15.2.2014
PT
Jornal Oficial da União Europeia
C 45/23
Recurso interposto em 4 de dezembro de 2013 por Villeroy & Boch — Bélgica do acórdão proferido pelo Tribunal Geral (Quarta Secção) em 16 de setembro de 2013 nos processos apensados T-373/10, T-374/10, T-382/10 e T-402/10, Villeroy & Boch/Comissão
(Processo C-642/13 P)
2014/C 45/40
Língua do processo: neerlandês
Partes
Recorrente: Villeroy & Boch — Bélgica (representantes: O.W. Brouwer e N. Lorjé, advocaten)
Outra parte no processo: Comissão Europeia
Pedidos da recorrente
A recorrente pede que o Tribunal de Justiça se digne:
—
Anular o acórdão do Tribunal Geral (Quarta Secção), proferido em 16 de setembro de 2013 nos processos apensos T-373/10, T-374/10, T-382/10 e T-402/10, Villeroy & Boch/Comissão, na parte em que nega provimento ao recurso da recorrente;
—
Subsidiariamente, anular o n.o 1 do dispositivo do acórdão de 16 de setembro na parte em que diz respeito à recorrente;
—
Subsidiariamente, reduzir de modo adequado a coima aplicada à recorrente pelo artigo 2.o da decisão impugnada da recorrida, de 23 de junho de 2010;
—
Mais subsidiariamente, anular o acórdão do Tribunal Geral, de 16 de setembro de 2013, e remeter o processo ao Tribunal Geral para nova decisão;
—
Condenar a recorrida nas despesas do processo.
Fundamentos e principais argumentos
A recorrente alega que o acórdão recorrido deve ser anulado pelos seguintes motivos:
1.
No primeiro fundamento , a recorrente invoca a desvirtuação da prova por parte do Tribunal Geral por este não ter tomado em consideração certos factos — relevantes para a decisão da causa — alegados pela recorrente e discutidos na audiência no Tribunal Geral.
2.
No segundo fundamento , é impugnada a qualificação jurídica de várias práticas, independentes tanto de facto como juridicamente, como infração única, complexa e contínua.

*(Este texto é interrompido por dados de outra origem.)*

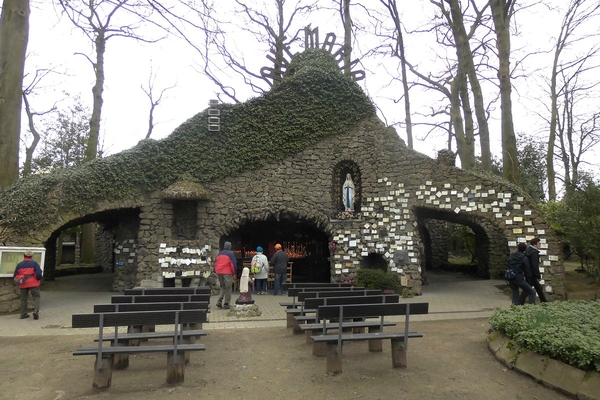 21 O.L.V. van Lourdes in de grot van Kleit...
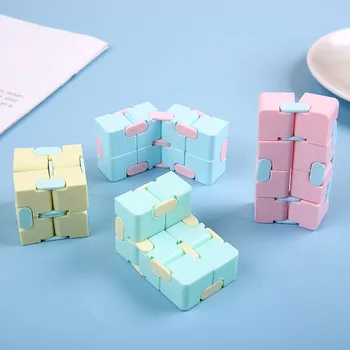 Neskončno Velika Magic Cube Ustvarjalne Prst Magic Cube Tlaka Čarobna Kocka Uganka Magic Cube Anti-stres, Anksioznost Namizne Igračke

Ademais, a recorrente alega que a aplicação, pelo Tribunal Geral e pela Comissão, do princípio da «infração única, complexa e contínua» viola o princípio do direito a um processo equitativo, o princípio da boa administração da justiça e o dever de exame do Tribunal Geral.
3.
No terceiro fundamento , a recorrente alega que o Tribunal Geral não exerceu a sua competência de fiscalização, violando, assim, a garantia de defesa consagrada pelo direito da União.
4.
No quarto fundamento , a recorrente alega que a coima aplicada não pode ser, em todo o caso, suportada pelas conclusões sobre a matéria de facto do Tribunal Geral e é desproporcionada.